The unspoiled highlands of the Thuringian Forest are dotted with sleepy but completely charming villages. If you listen intently while strolling their streets, you may hear strains of Bach or the voices of Germany’s great poets echoing in the breeze.
The immortal composer Johann Sebastian Bach entered the world in the Thuringian Forest hill town of Eisenach. Here the poet and novelist Fritz Reuter lived out his days. Martin Luther, who played in its streets as a schoolboy, later spent eleven weeks translating the New Testament into German in 1521 while living incognito at Eisenach’s Wartburg Castle.
More than 250 years later, Johann Wolfgang von Goethe translated the entire Bible into German at the same castle. His is the spirit which undoubtedly dominates the Thuringian Forest, capturing the essence of the area perfectly with the simple question, “Where else does one find so much beauty in such a small place?” :-)
One of the best ways for you to experience all the wonder of this wondrous place is to follow the 168km (104mi) length of the parallel Rennsteig hiking and cycling trails. The trail has extended from Horschel on the Werra River to Blankenstein on the Saale River since the 19th century, when it formed a border for of the German Empire’s smaller states.
Hiking the Rennsteig trail will leave you breathless in more ways than one. You’ll have the challenge of negotiating some of its steeper passages, like the 15km (9 mi) leading into Blankenstein and the 30km (18 mi) departing from Eisenach. You’ll also find breathstopping natural beauty along and near the trail.
If you have the stamina to arrive at its highest points, 982m (3220 ft) Mount Beerberg and 978m (3208 ft) Mount Schneekopf, you’ll be close to both the winter sports Mecca and the Rennsteig garden at Oberhof. Thanks to the unusual climate in this part of the forest, nearly four thousand different plants indigenous to mountains from all over the world thrive as they would in their native lands. You’ll benefit immensely by taking in the Garden’s informational lecture before exploring on your own!
Other natural and cultural delights include the deep dark crevasses of Dragon’s Gorge (Drachenschlucht), moorlands and flower-robed hillside pastures bordered with dense forests of pine and beech trees, and mountain streams with hidden waterfalls.

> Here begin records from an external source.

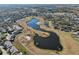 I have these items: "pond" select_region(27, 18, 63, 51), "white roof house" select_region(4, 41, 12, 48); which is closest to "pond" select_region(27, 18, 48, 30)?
"pond" select_region(27, 18, 63, 51)

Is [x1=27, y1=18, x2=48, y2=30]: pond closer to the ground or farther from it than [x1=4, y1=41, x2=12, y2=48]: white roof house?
farther from it

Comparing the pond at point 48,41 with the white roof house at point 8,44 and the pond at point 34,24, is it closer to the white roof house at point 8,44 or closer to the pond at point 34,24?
the pond at point 34,24

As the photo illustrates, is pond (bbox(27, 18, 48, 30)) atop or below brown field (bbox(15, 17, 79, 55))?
atop

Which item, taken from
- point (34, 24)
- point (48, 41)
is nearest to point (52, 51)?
point (48, 41)

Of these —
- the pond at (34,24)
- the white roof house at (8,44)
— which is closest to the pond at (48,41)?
the pond at (34,24)

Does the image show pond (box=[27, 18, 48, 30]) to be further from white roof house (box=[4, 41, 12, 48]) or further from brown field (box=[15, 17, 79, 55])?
white roof house (box=[4, 41, 12, 48])

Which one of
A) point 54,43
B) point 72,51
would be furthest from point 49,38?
point 72,51

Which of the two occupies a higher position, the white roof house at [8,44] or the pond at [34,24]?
the pond at [34,24]

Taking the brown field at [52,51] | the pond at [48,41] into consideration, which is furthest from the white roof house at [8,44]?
the pond at [48,41]

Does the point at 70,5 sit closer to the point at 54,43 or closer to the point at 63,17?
the point at 63,17

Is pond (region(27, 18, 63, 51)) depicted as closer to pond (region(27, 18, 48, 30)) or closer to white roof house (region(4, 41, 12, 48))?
pond (region(27, 18, 48, 30))

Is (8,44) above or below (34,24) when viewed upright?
below

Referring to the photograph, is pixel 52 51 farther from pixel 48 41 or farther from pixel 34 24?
pixel 34 24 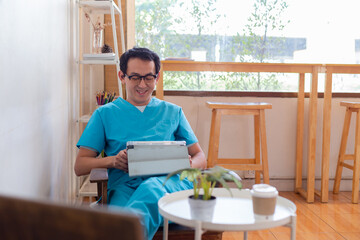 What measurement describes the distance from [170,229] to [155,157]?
0.33 metres

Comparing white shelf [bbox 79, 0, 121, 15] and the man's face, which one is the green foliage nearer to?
white shelf [bbox 79, 0, 121, 15]

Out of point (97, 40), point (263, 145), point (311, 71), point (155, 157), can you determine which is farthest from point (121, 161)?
point (311, 71)

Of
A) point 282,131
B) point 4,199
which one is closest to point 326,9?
point 282,131

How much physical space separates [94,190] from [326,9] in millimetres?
2706

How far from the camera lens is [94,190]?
9.48 feet

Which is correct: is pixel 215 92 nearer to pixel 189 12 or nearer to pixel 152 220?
pixel 189 12

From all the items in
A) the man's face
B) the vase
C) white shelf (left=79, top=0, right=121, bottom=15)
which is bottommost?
the man's face

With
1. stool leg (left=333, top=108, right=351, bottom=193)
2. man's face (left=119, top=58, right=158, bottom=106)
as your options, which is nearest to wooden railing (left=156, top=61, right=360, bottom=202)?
stool leg (left=333, top=108, right=351, bottom=193)

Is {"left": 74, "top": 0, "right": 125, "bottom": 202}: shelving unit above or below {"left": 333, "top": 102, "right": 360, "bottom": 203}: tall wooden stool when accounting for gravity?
above

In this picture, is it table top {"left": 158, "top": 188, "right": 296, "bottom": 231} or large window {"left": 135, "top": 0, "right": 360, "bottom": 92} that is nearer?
table top {"left": 158, "top": 188, "right": 296, "bottom": 231}

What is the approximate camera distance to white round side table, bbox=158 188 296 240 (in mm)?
1235

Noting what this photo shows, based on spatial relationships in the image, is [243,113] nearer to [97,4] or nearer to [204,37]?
[204,37]

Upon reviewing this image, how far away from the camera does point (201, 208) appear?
4.24 feet

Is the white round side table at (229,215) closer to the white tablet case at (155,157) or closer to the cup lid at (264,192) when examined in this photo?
the cup lid at (264,192) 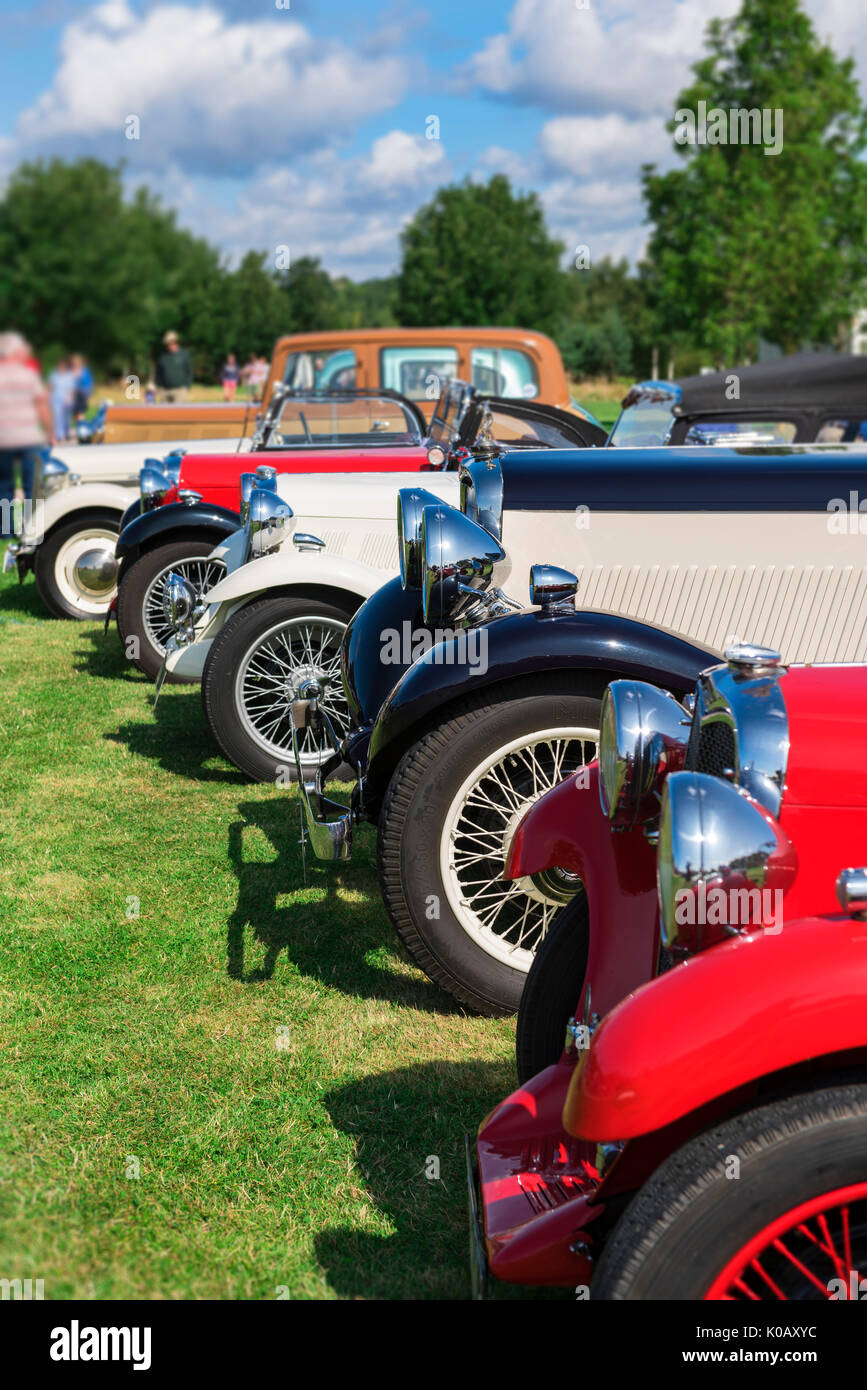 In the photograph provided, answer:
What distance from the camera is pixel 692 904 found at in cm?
178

Perhaps its most whimsical feature, however, is found in Ohrdruf, a small town at the northern edge of the forest.
Ohrdruf’s St. Michael’s Church is where Johan Sebastian Bach’s brother Christoph was the organist. It’s also the town which gave the world the rocking horse and the original Kewpie doll. Plan to celebrate both by taking in a concert at the town’s Ehrenstein Palace, which also houses a museum where you can learn all about the German art of toy making!
You’d expect toys to be a big attraction in the part of the world where the first kindergarten was established, and your trip to the forest will put you within a stone’s throw of that place at Bad Blankenburg. Located at the southern end of the Thuringian Forest, the spa city of Bad Blankenburg lies in the shadow of the Schwarza Valley and the remnants of the 13th-century Greifenstein Castle.
With each hour you spend on your journey through the Thuringian Forest, you’ll feel as if you were moving deeper into a dream. Before long, you’ll find yourself singing aloud a stanza from Herbert Roth’s “The Rennsteig Song”:
“I remain as long as I like and call it out to all:
Prettiest spot in the world, there I find my peace.”